Is coal the new "black gold"?
Coal could overtake oil as the worlds main fossil fuel by 2017
Coal will nearly overtake oil as the dominant energy source by 2017, and only a drop in world gas prices could curb the use of the dirtier fossil fuel in the absence of high carbon prices, the International Energy Agency (IEA) said.
The IEA, the energy agency for developed countries, said earlier this year that without a major shift away from coal, average global temperatures could rise by 6 degrees Celsius by 2050, leading to devastating climate change.
China will use more coal than the rest of the world put together, while India will overtake the US as the world’s second-largest consumer and become the biggest global importer, the Paris-based IEA forecast in its annual Medium-Term Coal Market Report.
“Coal’s share of the global energy mix continues to grow each year, and if no changes are made to current policies, coal will catch oil within a decade," IEA executive director Maria van der Hoeven said in a statement.

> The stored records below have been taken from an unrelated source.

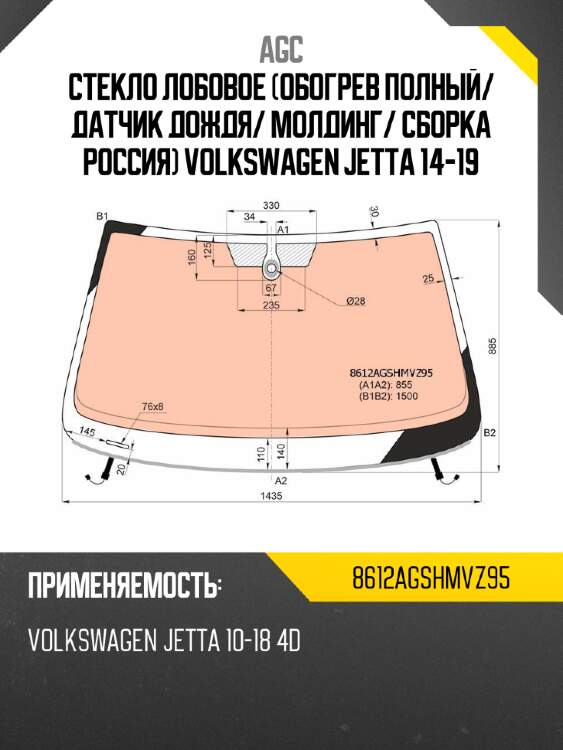 Стекло лобовое обогрев полный agc 8612agshmvz95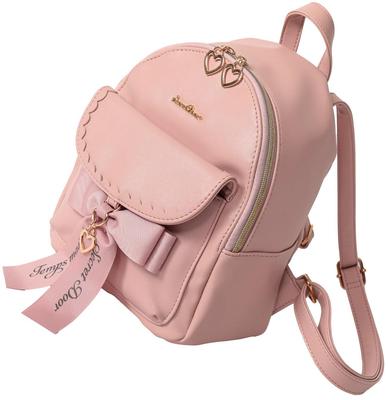 SecretDoor Pink Large Synthetic Leather Backpack with Perfect for or Solid Heart Women's Backpack/Daypack, Lightweight, Capacity, Gusset, Small/Mini,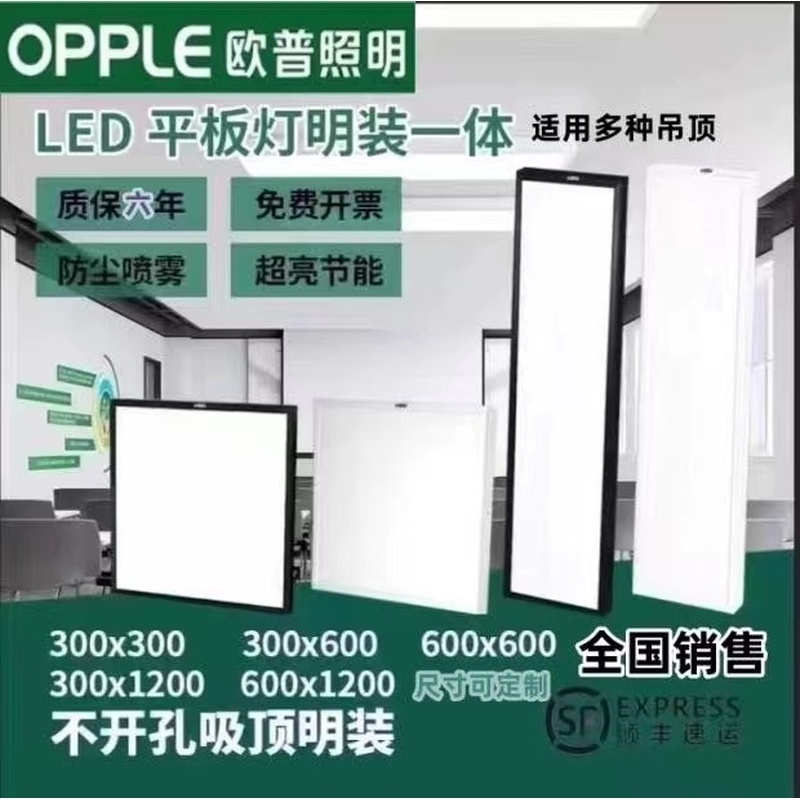 明装一体30x120led平板灯60x60吸顶吊装水泥顶免开孔面板灯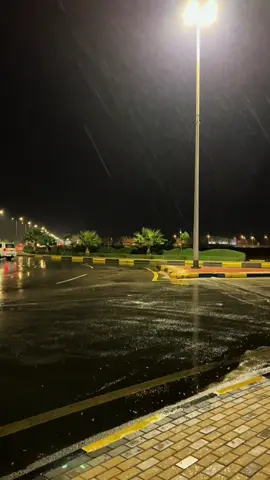 ينبع تستقبل الشتاء 🥹❄️.#fypシ #اكسبلورexplore #امطار #ينبع_المزه 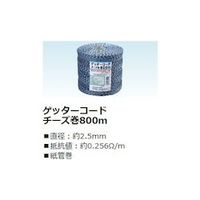 末松電子製作所 末松電子 電気さく線 ゲッターコードチーズ巻 412-674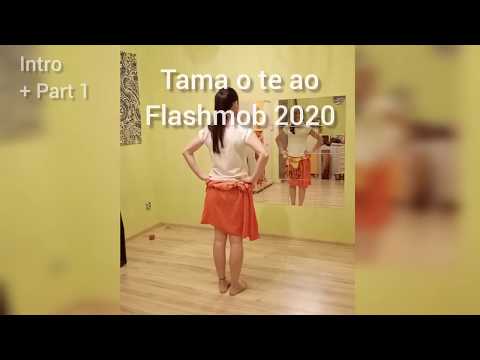 Ori Tahiti Flashmob 2020 - practice Intro + part 1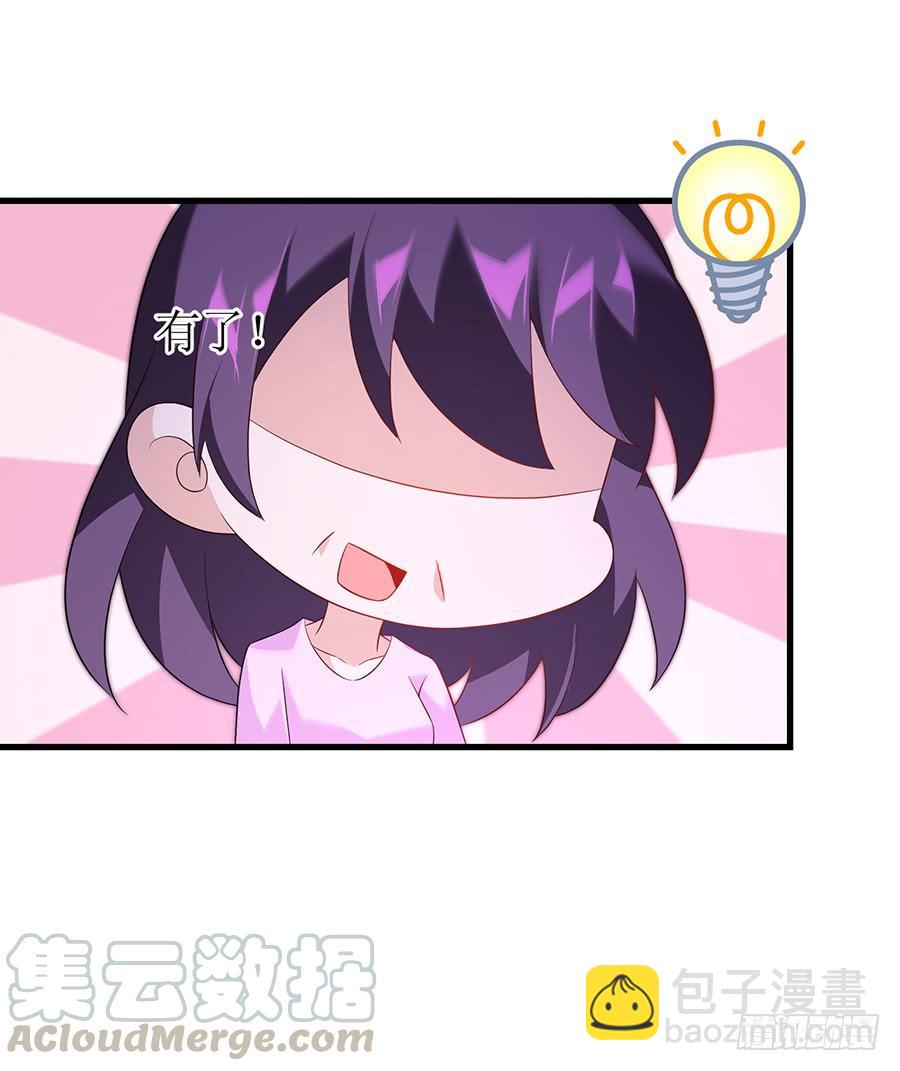 《七日蚀骨婚约》第64话 灵机一动 第17页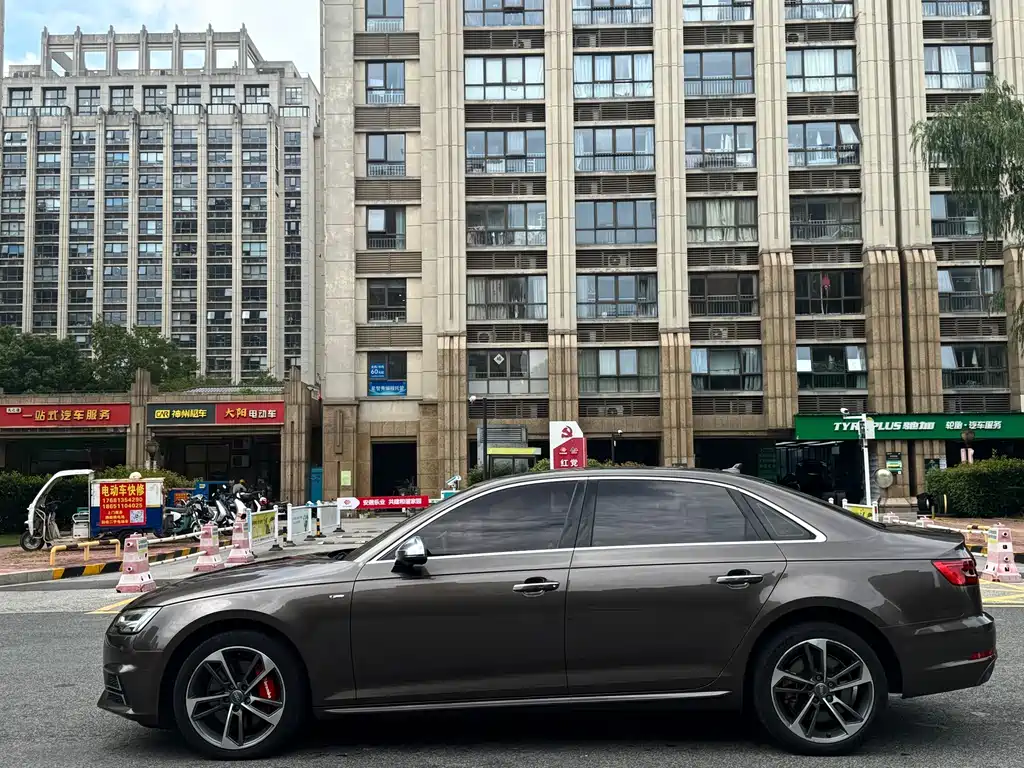 Audi A4L 2017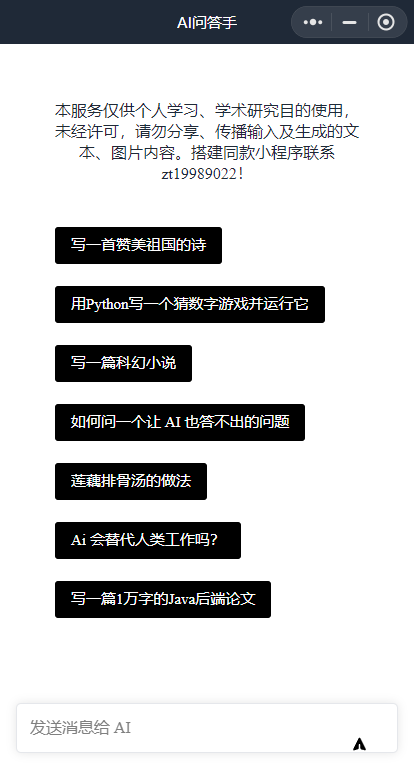 全网首发-ChatGPT3.0小程序 云开发无需服务器开源vue自带接口！-小编推荐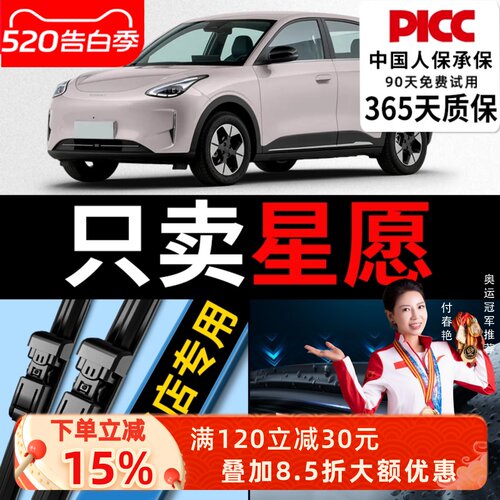 【吉利星愿】专用雨刮器更干净！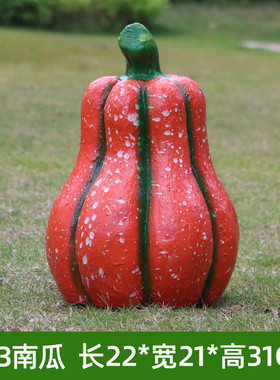 大型仿真水果蔬菜玻璃钢雕塑户外商场美陈田园景区农家乐摆件装饰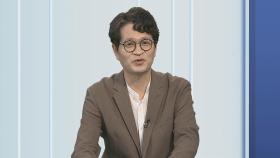 [뉴스초점] 기자회견도 고사한 한강…한국 문학 '새 역사'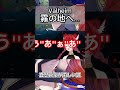【Valheim】霧の地で蟲に虐められる狐【新人Vtuber】 #新人vtuber #宮城 #shorts #個人vtuber #切り抜き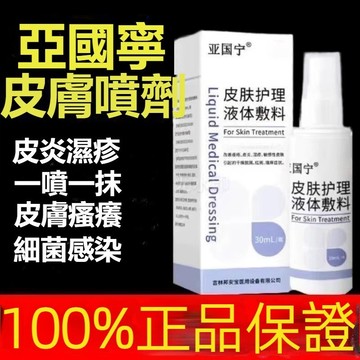 高雄出貨🔥熱賣🔥亞囯寧皮膚護理 特價 正品皮膚護理液體敷料 全新升級 皮膚護理液 皮膚 噴劑 皮膚護理液 溫和配方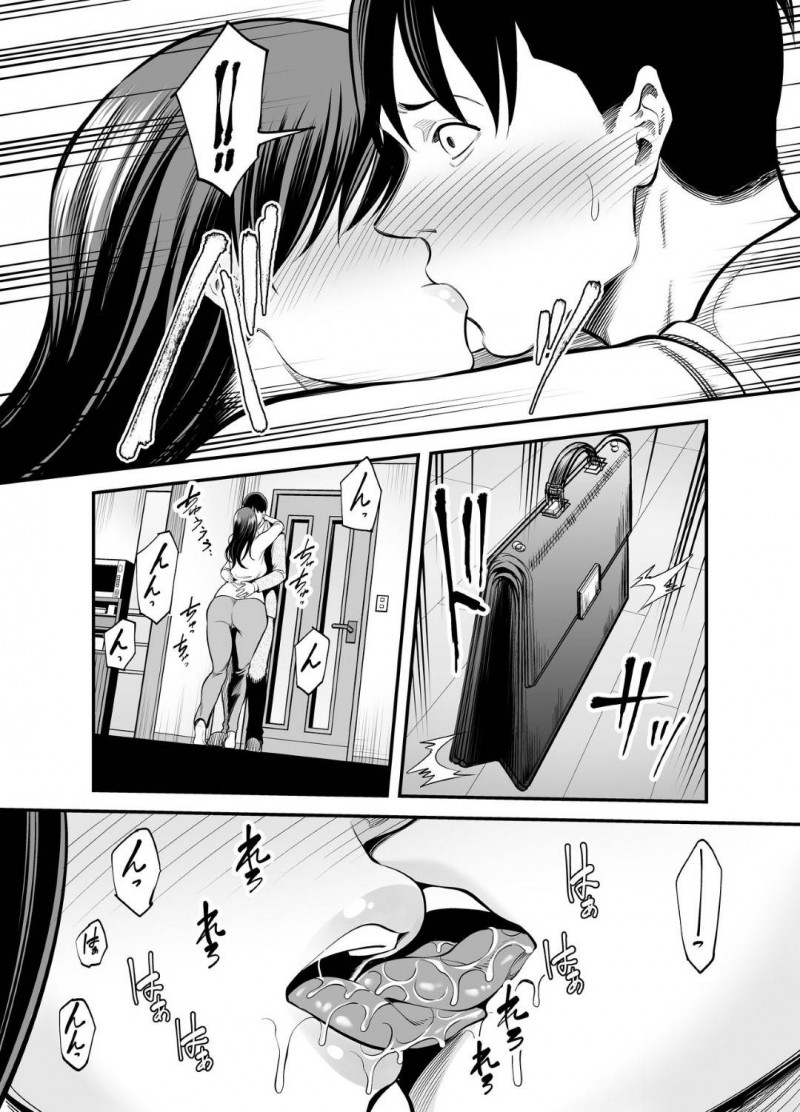 かわいい清楚妻…鬼畜なNTR相手に万引き犯と誤解されてイチャラブトロ顔中出しセックスしちゃう！【抹茶ねじ：清楚妻寝取られ…】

Use of the highly-polluting fossil fuel has surged in the past decade, mainly because of stronger demand from China and India, where cheap coal-fired electricity has helped to drive breakneck economic growth.
Coal now accounts for 28 per cent of total primary energy consumption, and demand for the fossil fuel rose 4.3 per cent in 2011 compared with 2010, the report said, underlining the world’s continued addiction to a fuel source that helped turn the wheels of the 19th century industrial revolution.
The world will burn around 1.2 billion more tonnes of coal per year by 2017 than it does today, which equals the current coal consumption of Russia and the UScombined, the IEA chief said.
Global coal consumption is likely to reach 4.32 billion tonnes of oil equivalent (btoe) by 2017, compared with 4.4 btoe for oil, although the pace of growth is likely to be slower than over the past decade, the IEA forecast. Growth in coal use in developing countries will grow 3.9 per cent a year on average over the next five years if economies such as China return to previous patterns of economic growth, the report said, while coal use in developed nations would only fall 0.7 per cent by 2017.